PROVIDED DATA =>
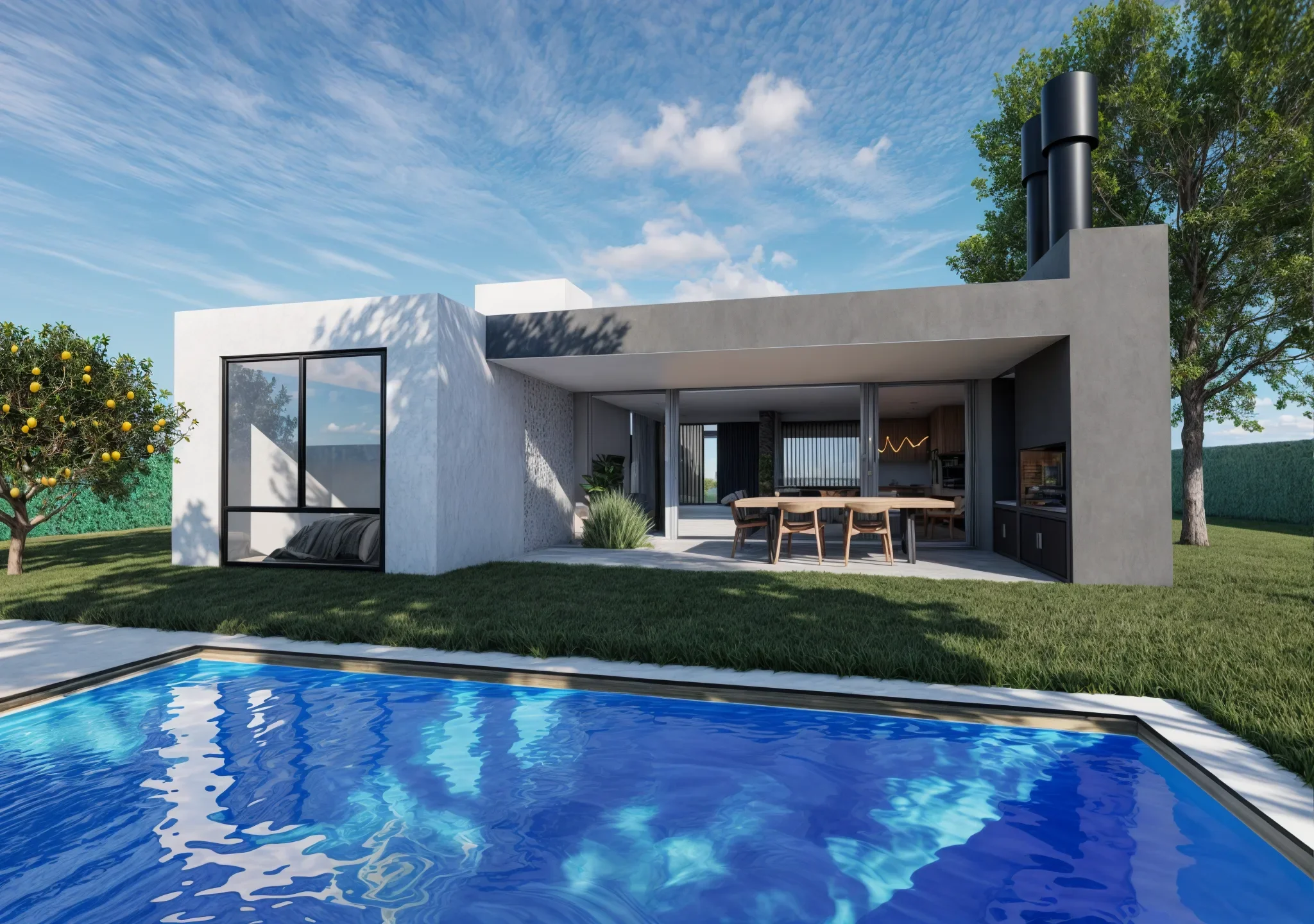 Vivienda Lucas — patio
---
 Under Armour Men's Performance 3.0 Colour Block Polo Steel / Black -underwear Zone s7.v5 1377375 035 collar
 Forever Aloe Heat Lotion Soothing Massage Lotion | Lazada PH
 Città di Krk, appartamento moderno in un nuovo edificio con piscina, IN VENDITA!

YOUR GOAL =>
Above are some lines. Repeat exactly, and only, those from the line that has "Forever Aloe Heat" through the line that has "Città di Krk, appartamento".

WORKED SOLUTION =>
 Forever Aloe Heat Lotion Soothing Massage Lotion | Lazada PH
 Città di Krk, appartamento moderno in un nuovo edificio con piscina, IN VENDITA!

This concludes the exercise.